Meanwhile, his counterparts working with Mercy Works in East Texas have gathered 150 volunteers ready to fly to the crisis zones to assist volunteers workers in Poland, Romania, and Moldova.
“Bombing started last night in the city we have supplied by van caravan the past two weeks in Ukraine,” Leach said to The Epoch Times via email.
“We don’t know if we will be allowed to go back into Ukraine. We’ll just have to wait and see.”
Meanwhile, Debbie Lascelles, a Registered Nurse and director of Mercy Works of East Texas, is being flooded with requests to go and help during the crisis.
She was busy coordinating the evacuation of refugees from Ukraine, as The Epoch Times spoke with her.
“There are at least two Youth With a Mission [YWAM] locations inside Ukraine that have not been evacuated,” she said, “one in Kyiv and one in Chernobyl, and they are really going at it, helping orphans and refugees.
“The crush of people is really amazing. All the YWAM locations in the region outside Ukraine are taking in orphans, or refugees, or both.”
In Romania, Leach said his staff is able to house, feed, and comfortably bed 30 people. When a construction project, already underway before the war, is completed he can house 60—and he thinks it will be used.
“We’re taking the long-term view of helping refugees,” he said. “We don’t think it’s going to be ending anytime soon. We’re preparing to work like this for a year.”
Richard Fish of Mercy Works in Texas agreed.

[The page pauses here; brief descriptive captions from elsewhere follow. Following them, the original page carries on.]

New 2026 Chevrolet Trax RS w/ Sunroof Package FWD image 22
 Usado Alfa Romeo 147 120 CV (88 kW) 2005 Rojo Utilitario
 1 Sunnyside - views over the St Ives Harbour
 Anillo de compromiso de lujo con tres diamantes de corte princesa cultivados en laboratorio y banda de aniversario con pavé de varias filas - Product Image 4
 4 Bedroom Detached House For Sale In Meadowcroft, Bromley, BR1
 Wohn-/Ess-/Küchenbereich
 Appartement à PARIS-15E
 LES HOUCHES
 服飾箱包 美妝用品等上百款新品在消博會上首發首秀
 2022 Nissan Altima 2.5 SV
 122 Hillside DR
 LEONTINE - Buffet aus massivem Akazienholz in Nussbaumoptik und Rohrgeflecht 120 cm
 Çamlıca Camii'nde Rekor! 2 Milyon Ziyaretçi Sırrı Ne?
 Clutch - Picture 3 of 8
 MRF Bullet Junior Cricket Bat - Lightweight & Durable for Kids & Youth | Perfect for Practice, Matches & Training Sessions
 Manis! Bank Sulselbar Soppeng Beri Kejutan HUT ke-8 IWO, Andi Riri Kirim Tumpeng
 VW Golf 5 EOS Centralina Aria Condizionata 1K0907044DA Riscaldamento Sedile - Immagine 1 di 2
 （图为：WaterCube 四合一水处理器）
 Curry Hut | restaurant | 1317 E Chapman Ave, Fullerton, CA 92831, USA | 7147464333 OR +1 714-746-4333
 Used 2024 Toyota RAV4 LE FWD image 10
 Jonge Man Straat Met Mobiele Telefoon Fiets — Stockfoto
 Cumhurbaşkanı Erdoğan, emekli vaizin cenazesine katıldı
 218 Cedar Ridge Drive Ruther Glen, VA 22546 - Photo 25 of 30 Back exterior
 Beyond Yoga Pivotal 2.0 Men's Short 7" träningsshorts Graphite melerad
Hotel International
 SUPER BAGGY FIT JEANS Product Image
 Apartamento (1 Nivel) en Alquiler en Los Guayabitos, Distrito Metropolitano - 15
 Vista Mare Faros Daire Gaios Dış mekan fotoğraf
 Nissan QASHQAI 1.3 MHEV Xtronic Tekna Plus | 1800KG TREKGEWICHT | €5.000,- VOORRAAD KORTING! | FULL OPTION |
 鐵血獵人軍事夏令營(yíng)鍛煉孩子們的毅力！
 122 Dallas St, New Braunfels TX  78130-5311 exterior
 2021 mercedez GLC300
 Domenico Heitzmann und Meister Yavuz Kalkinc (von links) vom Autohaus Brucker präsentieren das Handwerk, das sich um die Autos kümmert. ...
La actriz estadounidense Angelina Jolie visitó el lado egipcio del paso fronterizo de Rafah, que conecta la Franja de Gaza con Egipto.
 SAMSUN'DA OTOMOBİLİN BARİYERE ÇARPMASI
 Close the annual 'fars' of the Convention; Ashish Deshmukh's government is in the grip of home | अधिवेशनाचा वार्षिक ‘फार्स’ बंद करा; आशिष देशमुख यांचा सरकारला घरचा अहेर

“When you have two million people suddenly show up at the border, that’s a problem,” he said.
“And let’s say by some miracle this war lasts 30 days and then people want to go back. How is that going to happen? We have volunteers here ready to go for three months at a time because they know that’s what it will take.”
Registered Nurse Karen Youngblood, a 16-year veteran volunteer of Mercy Works who has helped in foreign countries and domestically at the Texas border with Mexico, agreed.
“From what I’ve seen of refugee situations in the past the effect of this will last for years, not months,” she said.
Youngblood recently returned from Kurdish Iraq, where she spent six weeks among the Kurds.
Caravans of orphans are currently on the way out of Ukraine, Lascelles said.
“Today we are coordinating a caravan of 100 orphans on the road from Myropil and approaching western Ukraine. We’re serving orphans and refugees on the Poland side too, so we know they will have a place to go.
“And right now I’m assisting the evacuation and housing of refugees—from the Odesa area—trying to get out using phones, messenger, or What’s App, anything we can, to direct them.”
Odesa is a city of more than 2 million inhabitants located in southwestern Ukraine bordering Moldova on the west and the Black Sea.
“It’s just so crazy,” Lascelles said. “There are about 100,000 orphans in Ukraine and that tells you something about the numbers we are seeing.”
Meanwhile, 150 volunteers have lined up at Mercy Works to get to the areas in crisis, she said.